Dieses Bild wirkt etwas weniger trostlos, blickt man auf die jüngste Entwicklung. Der Parti Socialiste (PS) unter Olivier Faure ist eine Listenverbindung eingegangen mit der neuen Partei Place Publique (PP). Deren Gründer sind der Journalist und Filmregisseur Raphaël Glucksmann (39), Sohn des Philosophen André Glucksmann (1937-2015), dazu die Umweltaktivistin und Filmemacherin Claire Nouvian (45). Ersterer steht auf Platz 1 der paritätisch besetzten Liste PP/PS. Der Versuch, noch zwei andere Parteien, die grüne EELV und Hamons Ökosozialisten, für die Liaison zu gewinnen, scheiterten, obwohl Glucksmann und Nouvian dezidiert ökologisch-soziale Positionen vertreten. Für Glucksmann droht bereits 2030 eine „Klimakatastrophe“ von globalem Ausmaß. Es müsse eine Kurswende hin zu ökologischer, sozialer und solidarischer Politik gelingen, solle das Schicksal Italiens vermieden werden. Man hofft, Wähler zurückzugewinnen, die von Macrons ausgelaugtem Liberalismus mit seiner neoliberal-autoritären Note enttäuscht sind. Vertraut man Umfragen, sind für die Liste PP/PS mehr als zehn Prozent denkbar?

Yannick Jadot von den Grünen wollte mit der Liste PP/PS keine Allianz, weil man damit die Sozialistische Partei nur vor dem politischen Untergang retten helfe, während die eigene Partei für den Kampf für das Klima, gegen Pestizide und Steuerparadiese stehe. Er lehne Kompromisse mit dem „Ökonomismus von rechts“ ebenso ab wie mit dem „Ökonomismus und Nationalismus von links“, denn angesichts der Zustände in der Welt und in der Natur gebe es global nur noch die Entscheidung zwischen „Ökologie oder Barbarei“.

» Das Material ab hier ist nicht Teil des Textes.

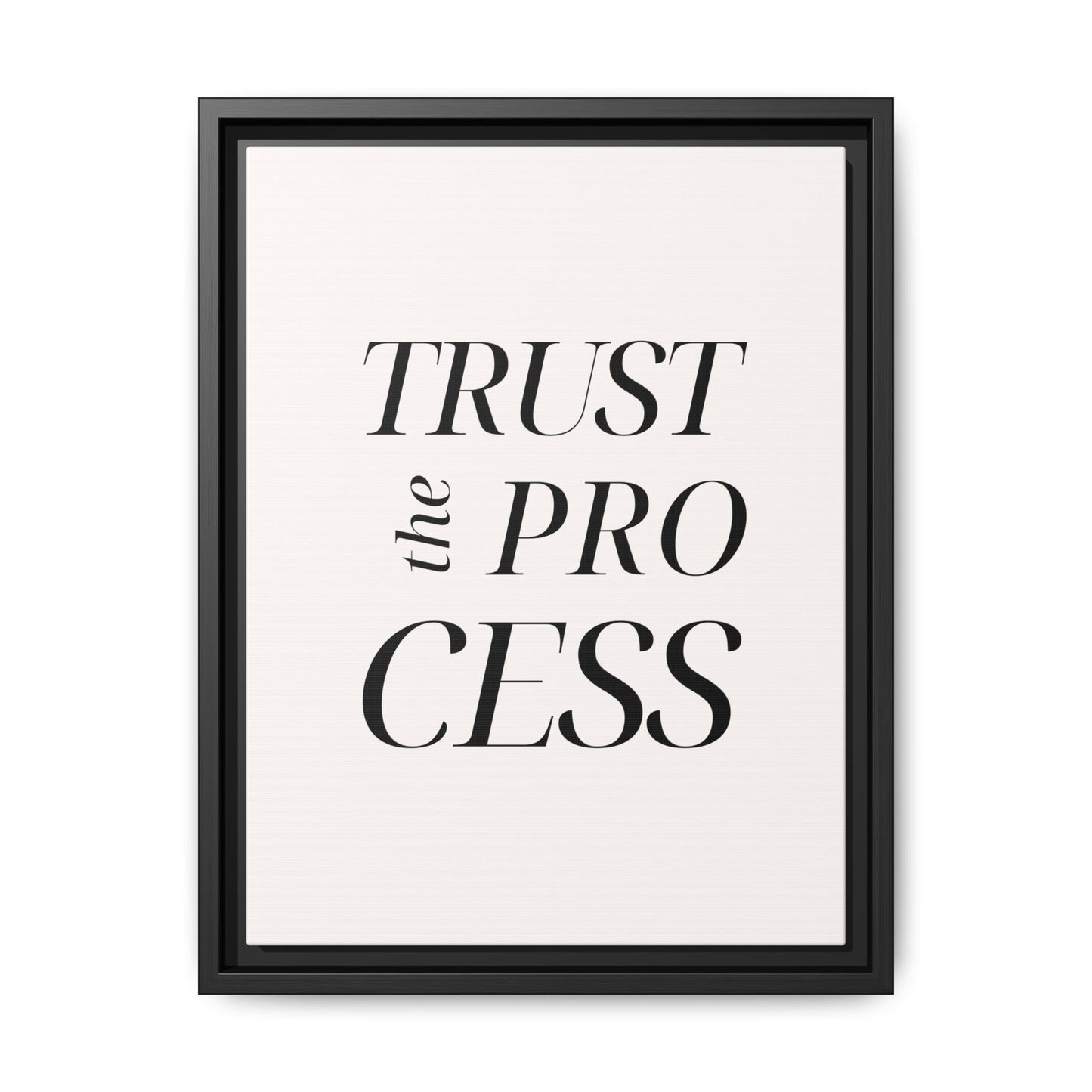 Inspirational Framed Canvas Wall Art - 'Trust the Process'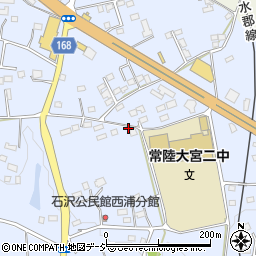 茨城県常陸大宮市石沢1533周辺の地図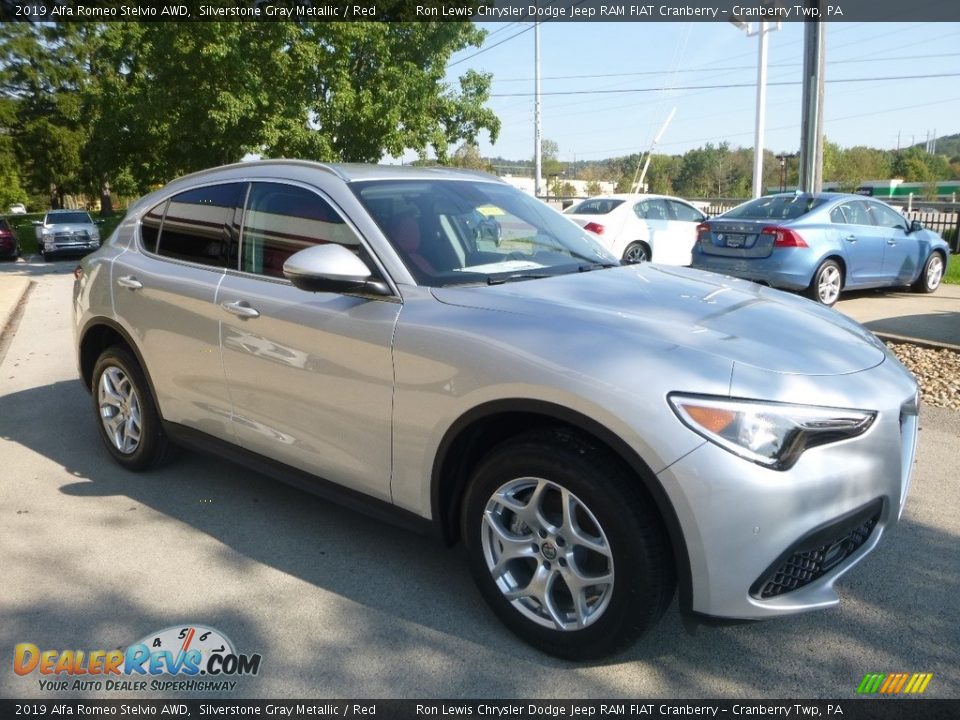 Silverstone Gray Metallic 2019 Alfa Romeo Stelvio AWD Photo #11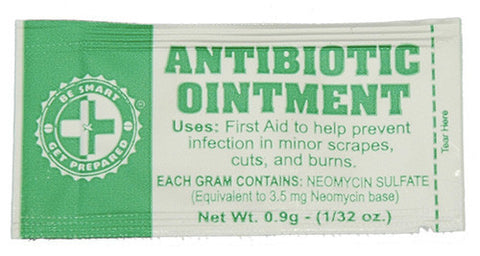 Antibiotic Ointment Packets Box of 100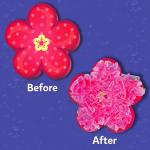 Skillmatics Poke-in Art - Flower Bouquet, Mess-Free Creative Activity, DIY Wood Craft Kits, Gifts for Girls & Boys Ages 4, 5, 6, 7, 8, 9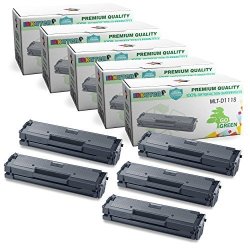 Inkuten 5 Pack Compatible Samsung MLT-D111S MLTD111S Black Laser Toner Cartridge For Samsung Xpress SL-M2020W SL-M2022 SL-M2022W M2070 SL-M2070FW SL-M2070W Printers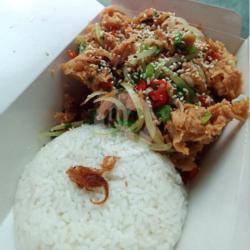 Nasi Jamur Cabe Garam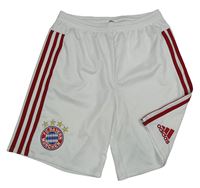 Bílé fotbalové funkční kraťasy - FC Bayern Mnichov Adidas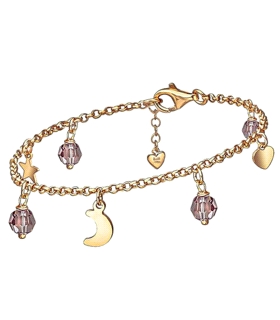 PULSERA FETICHES PLATA PRIMERA LEY 15+3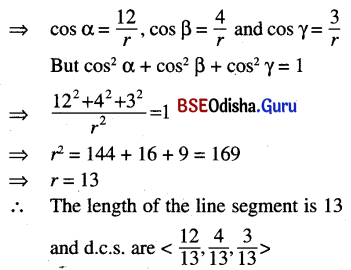 CHSE Odisha Class 12 Math Solutions Chapter 13 Three Dimensional Geometry Ex 13(a) Q.5(3)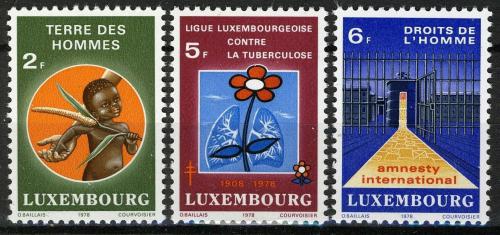 Poštovní známky Lucembursko 1978 Solidarita Mi# 972-74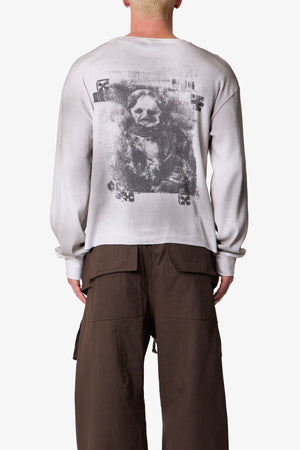 Disobedience Thermal L/S Tee - White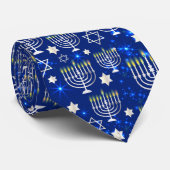 Happy Hanukkah Modern Stropdas (Opgerold)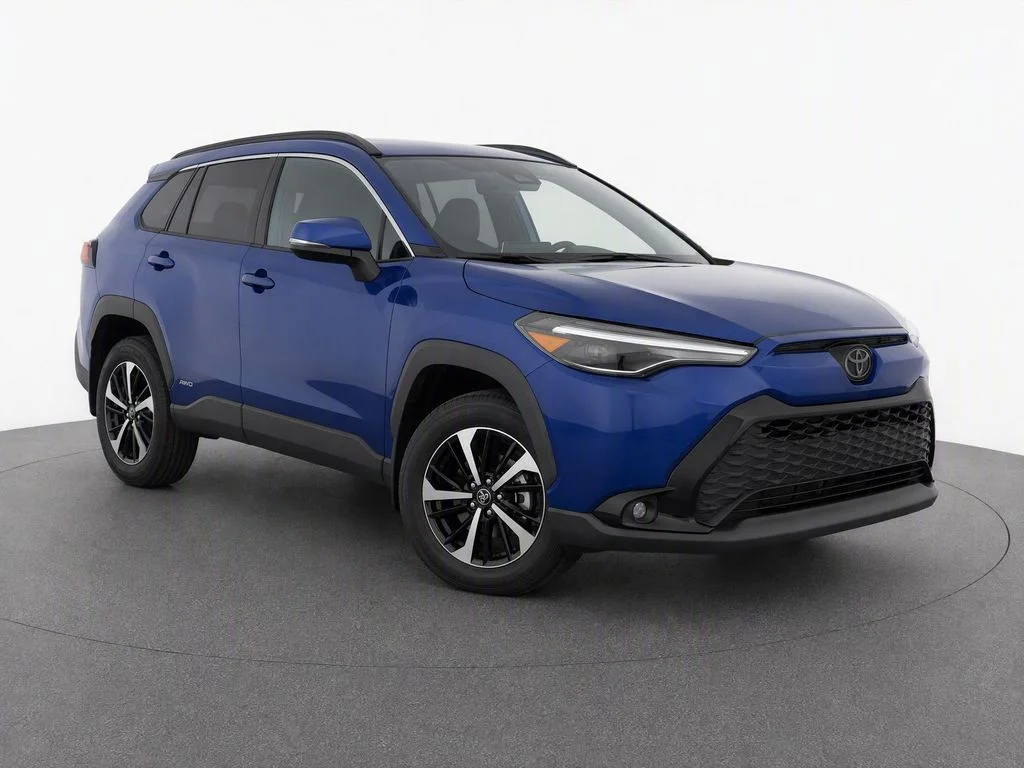 Used 2024 Blue Toyota Hybrid XSE image 2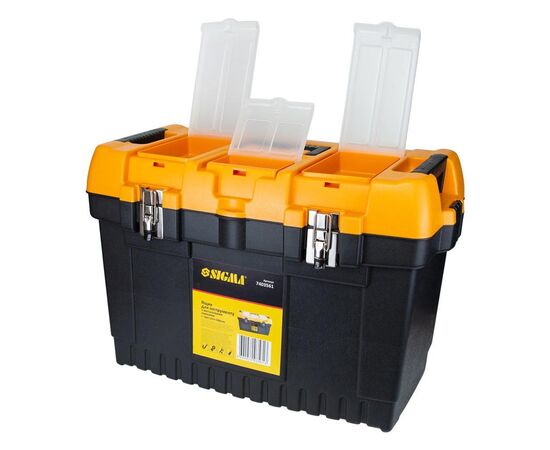 Ящик для инструментов Sigma набор 2в1 металлические замки 413x212x244мм, 564x310x388мм (7403521), изображение 9 Ящик для инструментов Sigma набор 2в1 металлические замки 413x212x244мм, 564x310x388мм (7403521), изображение 9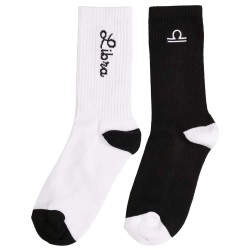 чорапи,мъжки,чорапи,urban,classics,zodiac,long,socks,2,pairs,black,white,libra,(multicolor)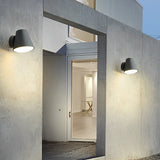 Modern LED Exterior Wall Sconce Black Cone Shape Outdoor Light Fixture for Entrances and Gardens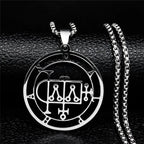 Demon Sigil Pendant Necklace malphas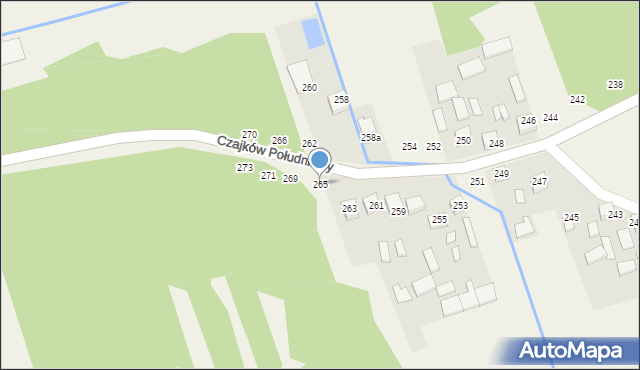 Wiązownica Duża, Wiązownica Duża, 265, mapa Wiązownica Duża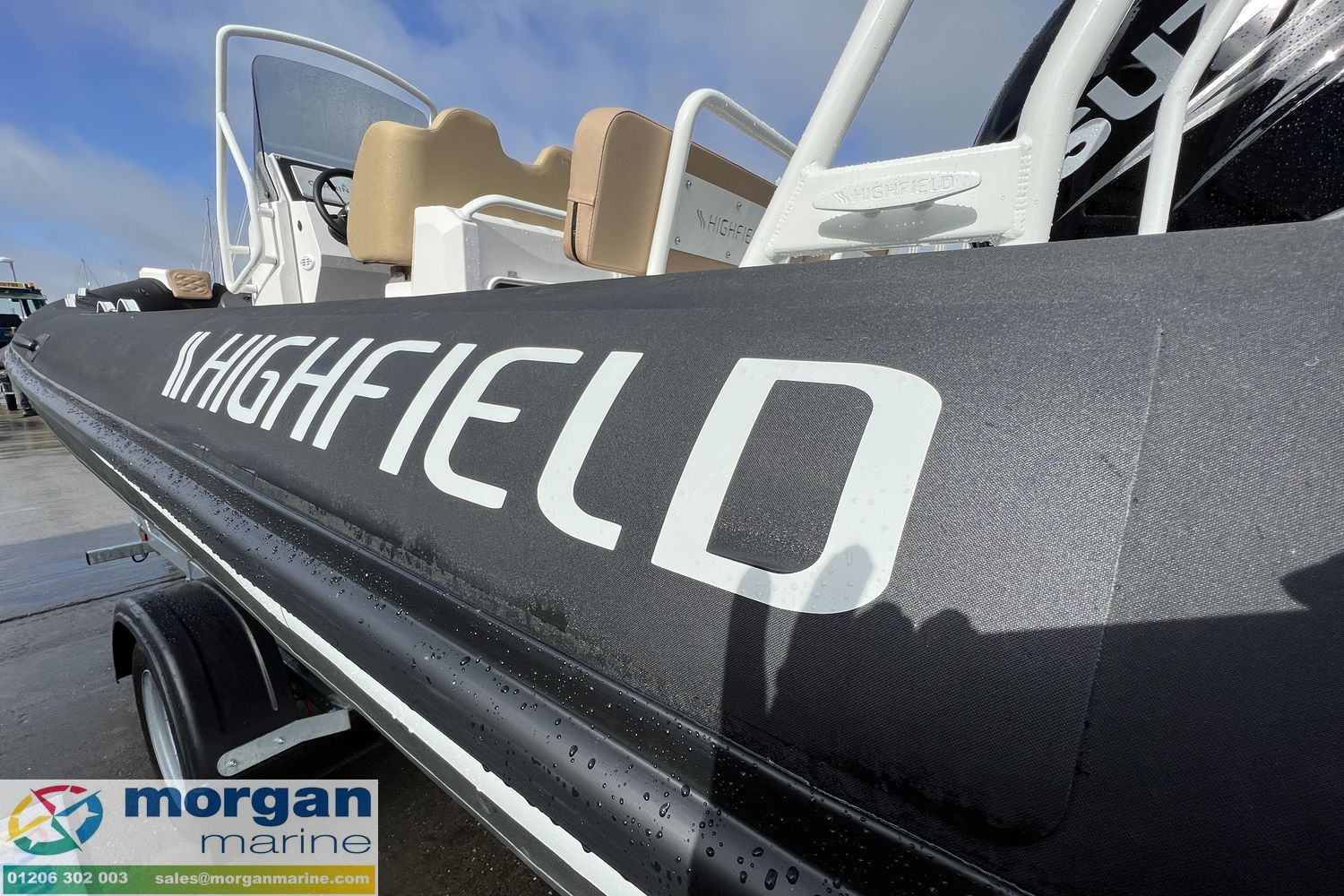 Highfield Sport 660 Hypalon – With Honda BF150 XRU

Mit ähnlichem Pathos argumentiert der Ökosozialist Benoît Hamon gegen den erodierenden Rechtsstaat für ein freies Europa, für Pressefreiheit und das Asylrecht. Als Kandidat der Sozialisten bei der Präsidentenwahl 2017 kam Hamon nur auf sechs Prozent. Gehen ihm Wähler verloren, spricht er von einer „Moralkrise“, ausgelöst von „Leuten ohne Ehre.“ Da bewegt sich der Sozialist und Ex-Premier Bernard Cazeneuve auf einem anderen intellektuellen Niveau, wenn er seiner Partei „Hoffnung vermitteln“ will. Cazeneuve genießt selbst bei zwei Dritteln der Macron-Wähler den Ruf eines „treuen Staatsdieners“ ohne narzisstische Allüren, weshalb ihn Gefolgsleute Macrons wie der Ex-Sozialist und Parlamentspräsident Richard Ferrand als gefährlichsten Gegenkandidaten des jetzigen Staatschefs bei der Präsidentschaftswahl 2022 erkannt haben.

Ferrand ventilierte bereits den Plan, Cazeneuve in den Verfassungsrat wegzuloben, um ihn für die Wahlperiode von neun Jahren zu neutralisieren, da Mitglieder dieses Gremiums zu politischer Zurückhaltung verpflichtet sind. Doch arbeitet Cazeneuve beharrlich weiter daran, vom Parti Socialiste zu erhalten, was noch lebendig ist. Mehr als die vage Chance, von Macron massenhaft enttäuschte Wähler für den PS zurückzugewinnen, ist auf kurze Sicht kaum denkbar – trotz des durch die Proteste der „gilets jaunes“ mittelschwer angeschlagenen Präsidenten.